In the film, Grant plays a man wrongfully accused and convicted of arson and murder who escapes prison and flees to the home of his childhood friend. She is fearful at first but soon is determined to help prove him innocent. But since this is no longer her everyday home, and a professor has rented it, the situation is complicated and apt for hijinks, misunderstandings, and dire circumstances. Well-written and performed, this film is slow-paced but equally effective and entertaining.

(Available on DVD and to rent on VOD)

12. My Favorite Wife (1940)

my favorite wife
Image Credit: RKO Pictures and Warner Brothers Entertainment

Exuding natural ease, My Favorite Wife is one of the sweetest romantic comedies ever. While on his honeymoon, Nick's life is turned upside down when his wife (Irene Dunn), who he thought had died seven years previously, turns up at the same hotel as the newlyweds. This miraculous occurrence astonishes and moves Nick for obvious reasons.

But of course, hilarious mishaps, misunderstandings, and entanglements occur as he must figure out what to do with the other woman he just married and how to tell his two young children, who barely remember their mother.

It's not difficult to decipher where the story will lead, as in most romantic comedies. Part screwball comedy and part heartfelt drama, My Favorite Wife is elevated by Grant's sharp and quick comedic timing, both physically and verbally. The equally charming Dunn matches his affable performance. The film is a true gem.

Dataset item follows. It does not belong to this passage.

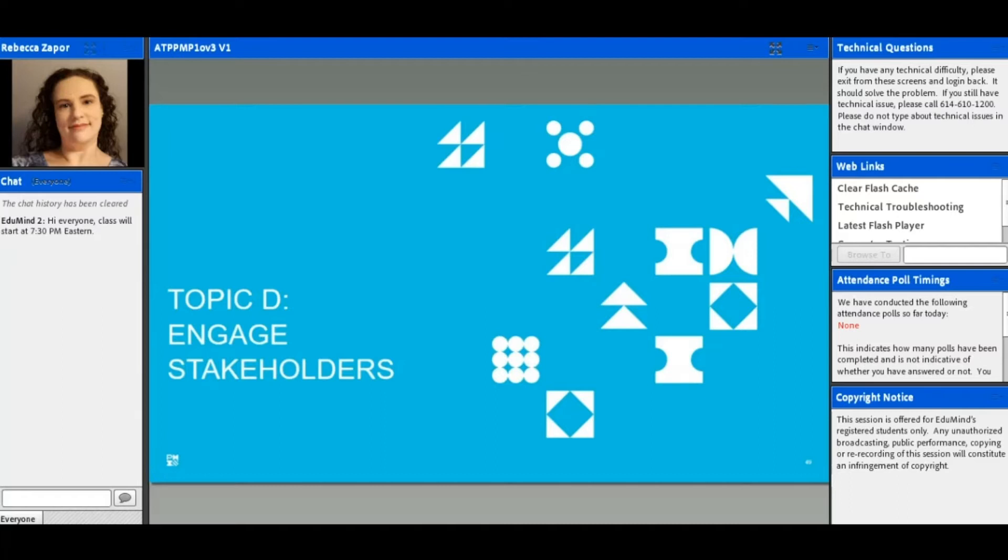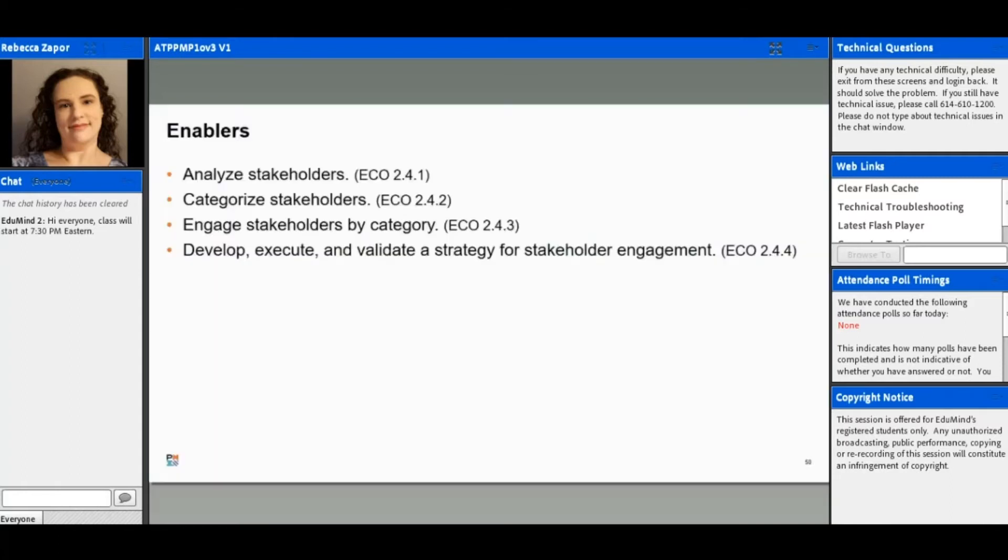So we want to make sure we know who our stakeholders are, what their level of interest is, and then also be able to keep them interested and engaged as we go throughout the project.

(Available on DVD and to rent on VOD)

11. Notorious (1946)

Image Credit: RKO Pictures

One of Alfred Hitchcock's most underrated films brings together Grant, Ingrid Bergman, and Claude Rains for a suspenseful and romantic drama that proves to be one of Grant's most incredible performances. The story follows the daughter of a convicted Nazi spy. The American government approaches her to prove her loyalty and distance herself from her father.

Played by Bergman, Alicia Huberman is asked to spy on a group of Nazi scientists in Brazil, including a man named Alexander Sebastian (Rains), whom she knows from years past and is known to harbor strong feelings for her. Grant plays her handler, and the two share deep feelings for each other, though Grant always keeps his distance and decidedly plays a more standoffish and harsher character than his typical roles.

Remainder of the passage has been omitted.